Photography: Cousin of Painting or Sculpture?

Common wisdom says that photography and painting are related. They represent attempts to record a three dimensional world in two dimension. So, what is there to talk about?

Photography masters have long studied painters and their perception of space, light and composition. It is a natural relationship and it is true that it is not unfathomable to think that these two art forms have common lineage. Since its invention in the late 19th century, photography has actually been interacting with painting quite a bit and in some cases the end result was almost the same, as in photorealism.

It has been a bumpy relationship of course, like most family relationships are and it almost came to a screeching halt when one fine day in 1839 famous French painter Paul Delaroche declared that “from today painting is dead” when seeing a Daguerreotype, the precursor to modern photography. Up until that point, creating an image of one’s surroundings was entirely the realm of painting and it took skill and time to create. From that fateful moment on though, anyone with a camera could record their surroundings with a click (well, not quite, but you get the point), so there was some jealousy there and the two, photography and painting were not talking to each other for years…

However, there is another, long lost relative of photography, a cousin somewhat younger than painting, but still extremely old. The relationship may not be as easy to spot, but it’s there alright. It is sculpture.

One might point out, and rightfully so, that sculpture is a physical, 3D undertaking   and so is the end product, while both painting and photography are 2 dimensional attempts to record 3 dimensional objects. Well, yes… but we already established that there is indeed a relationship between those two, so let’s move on, shall we?

In sculpture, the artist begins with a big chunk of marble (at least for the needs of this particular argument) and slowly carves out the unwanted parts and with this subtraction, what is left in the end is that part of the whole that he or she had envisioned. It is a “deductive” art if you will, while painting is “additive” for lack of a better word: the painter starts with a white canvas and begins filling it with the image they see or think of. This is a pretty bog difference, right?

In photography, the artist starts with the whole world in front of them and decides what part of this world will fit in their cadre. Photography is as much about what you leave out of the image as it is about what you include in it. In as much as there are countless visual stimuli around us at all times, what we photographers discard as non-photography worthy is a longer and more strenuous process than what little we decide to include.
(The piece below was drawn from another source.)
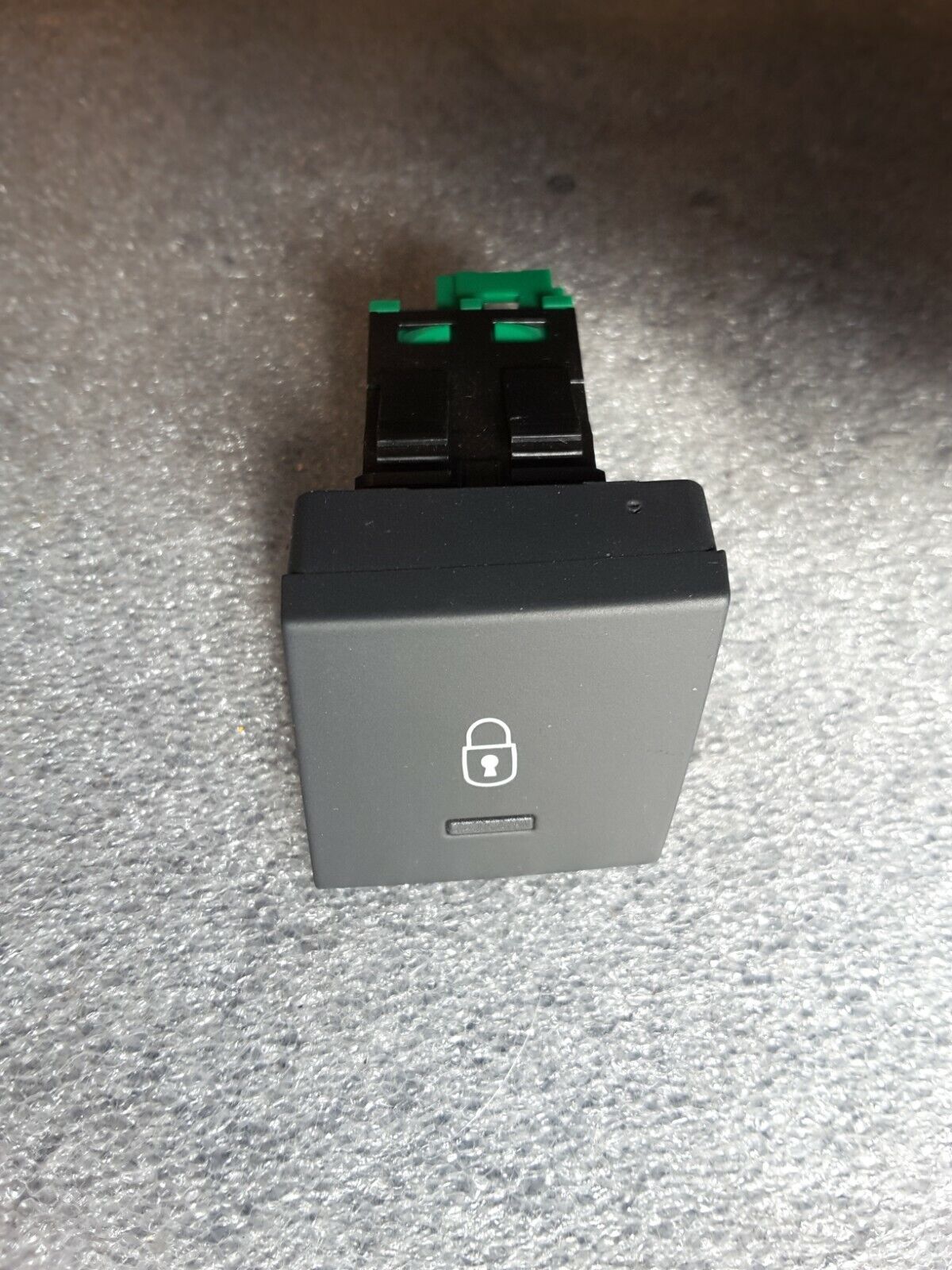 Zentral Türschloss Schalter Knopf Peugeot 508 SW , LHD Innen 96770413ZE NEU.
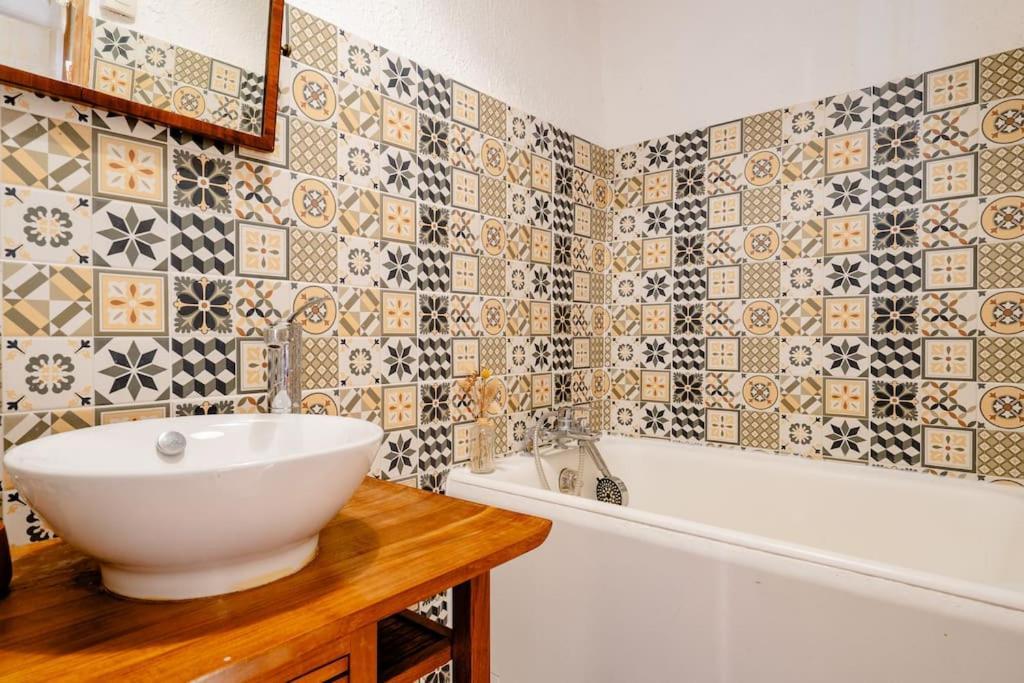 Chambre Atypique Dans Cafe Healthy Saint-Paul-de-Vence Exterior foto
Photography then is another subtractive art and in this respect one can start seeing the family resemblance to that old lady, sculpture.

The similarities of course do not stop there and there are some shared by all three, like the attention to how light and shadow affect the end result and the attention to forms and patterns.

So, one could say that in that genealogical tree, Photography is a the newest addition to the extended family which includes Painting (form the mother’s side) and Sculpture (from the father’s side). There, case closed.